Failure to Provide Trauma-Informed Care for Residents with PTSD
Penalty
Summary
The facility failed to provide trauma-informed care to two residents, both of whom have been diagnosed with Post Traumatic Stress Disorder (PTSD). Resident R36 was admitted to the facility and had a Minimum Data Set (MDS) assessment indicating PTSD, among other diagnoses. However, a review of Resident R36's care plan revealed that it did not include any goals or interventions related to managing PTSD. This was confirmed by the Registered Nurse Assessment Coordinator, who acknowledged the absence of a care plan addressing PTSD for this resident. Similarly, Resident R85, who also has PTSD along with anxiety and depression, did not have a care plan that included goals or interventions for PTSD. During an interview, Resident R85 mentioned that no one from the facility had inquired about her trauma or potential triggers.
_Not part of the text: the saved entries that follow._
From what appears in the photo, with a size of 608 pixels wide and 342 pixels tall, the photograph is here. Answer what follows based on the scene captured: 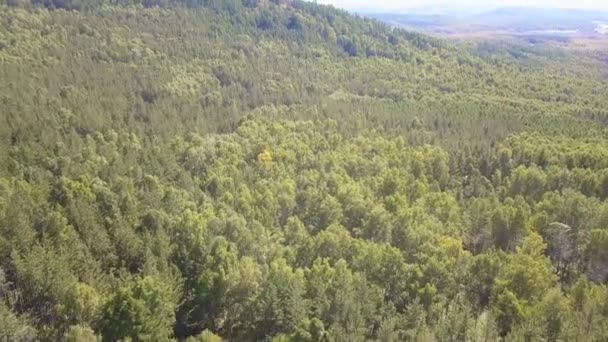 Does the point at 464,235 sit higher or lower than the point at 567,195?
lower

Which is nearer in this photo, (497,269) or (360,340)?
(360,340)

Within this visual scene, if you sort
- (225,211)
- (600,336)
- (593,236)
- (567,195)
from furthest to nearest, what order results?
(567,195) → (225,211) → (593,236) → (600,336)

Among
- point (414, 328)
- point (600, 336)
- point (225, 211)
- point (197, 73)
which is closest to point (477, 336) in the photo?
point (414, 328)

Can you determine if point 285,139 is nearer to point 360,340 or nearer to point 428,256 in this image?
point 428,256

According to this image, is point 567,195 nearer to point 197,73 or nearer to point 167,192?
point 167,192

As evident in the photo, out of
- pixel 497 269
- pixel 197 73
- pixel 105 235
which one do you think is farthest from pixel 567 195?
pixel 197 73

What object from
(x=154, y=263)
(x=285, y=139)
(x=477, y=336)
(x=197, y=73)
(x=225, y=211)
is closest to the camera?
(x=477, y=336) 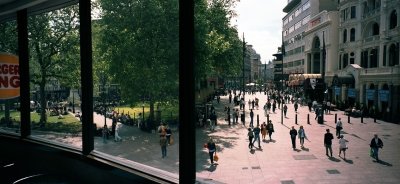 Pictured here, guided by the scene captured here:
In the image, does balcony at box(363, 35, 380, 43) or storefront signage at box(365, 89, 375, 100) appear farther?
balcony at box(363, 35, 380, 43)

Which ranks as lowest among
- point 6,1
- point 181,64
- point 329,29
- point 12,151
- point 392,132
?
point 392,132

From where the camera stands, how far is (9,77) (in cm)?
905

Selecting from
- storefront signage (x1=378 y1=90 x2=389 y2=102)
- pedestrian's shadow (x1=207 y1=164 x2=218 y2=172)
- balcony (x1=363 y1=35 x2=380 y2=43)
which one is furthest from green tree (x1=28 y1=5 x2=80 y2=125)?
balcony (x1=363 y1=35 x2=380 y2=43)

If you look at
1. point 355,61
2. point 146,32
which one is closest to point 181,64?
point 146,32

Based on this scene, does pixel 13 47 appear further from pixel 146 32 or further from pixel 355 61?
pixel 355 61

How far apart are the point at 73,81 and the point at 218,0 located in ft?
62.1

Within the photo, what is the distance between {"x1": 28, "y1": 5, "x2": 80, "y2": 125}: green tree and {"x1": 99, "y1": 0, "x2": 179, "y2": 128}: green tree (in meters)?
7.47

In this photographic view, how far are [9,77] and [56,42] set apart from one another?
24.4m

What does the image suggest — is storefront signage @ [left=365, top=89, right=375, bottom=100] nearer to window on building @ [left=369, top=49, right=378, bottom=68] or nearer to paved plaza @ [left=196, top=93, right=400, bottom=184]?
window on building @ [left=369, top=49, right=378, bottom=68]

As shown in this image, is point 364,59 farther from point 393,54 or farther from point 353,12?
point 393,54

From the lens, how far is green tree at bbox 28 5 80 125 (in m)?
30.8

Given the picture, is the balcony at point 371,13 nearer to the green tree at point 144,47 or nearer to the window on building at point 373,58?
the window on building at point 373,58

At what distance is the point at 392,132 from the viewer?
2233 cm

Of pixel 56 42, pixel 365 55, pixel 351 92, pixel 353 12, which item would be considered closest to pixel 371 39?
pixel 365 55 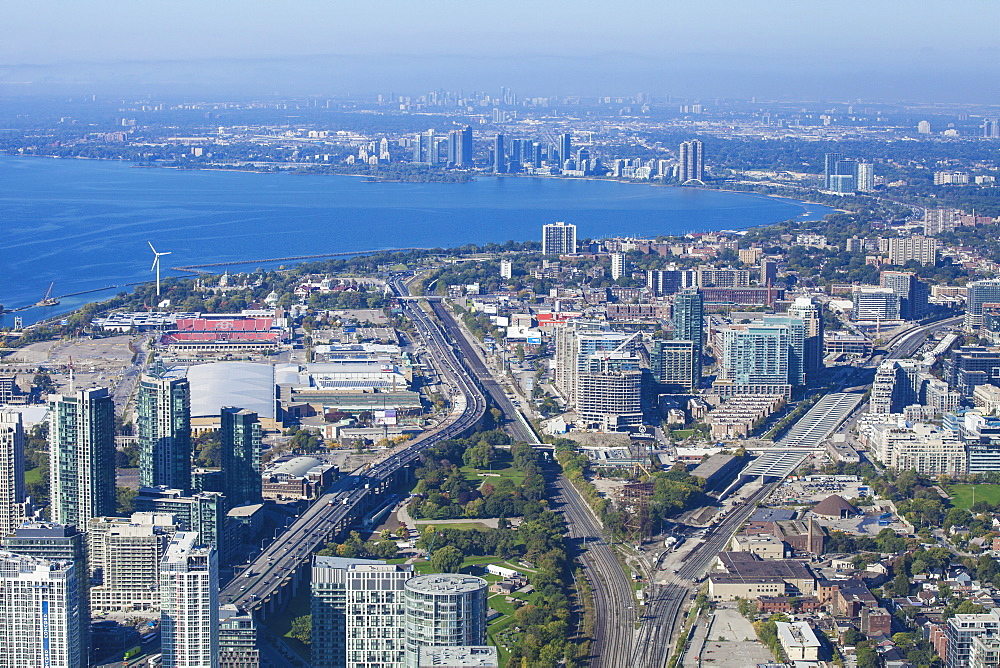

The Social Services Director confirmed that the facility failed to provide trauma-informed care to mitigate triggers that could cause re-traumatization for both residents.
Plan Of Correction
R36 and R85 care plans were immediately updated to include PTSD. Like residents were audited to ensure no other care plans needed modifications for PTSD. Request submitted to PCC on 1/8/2025 to add PTSD form. Education on PTSD will be provided to the social workers and RNAC by the NHA or designee on or before 2/11/2025. Audits will be conducted on PTSD on care plans by DON or designee weekly x 4 weeks and monthly x 1 month. Audit results will be reviewed through the monthly QAPI process/meeting.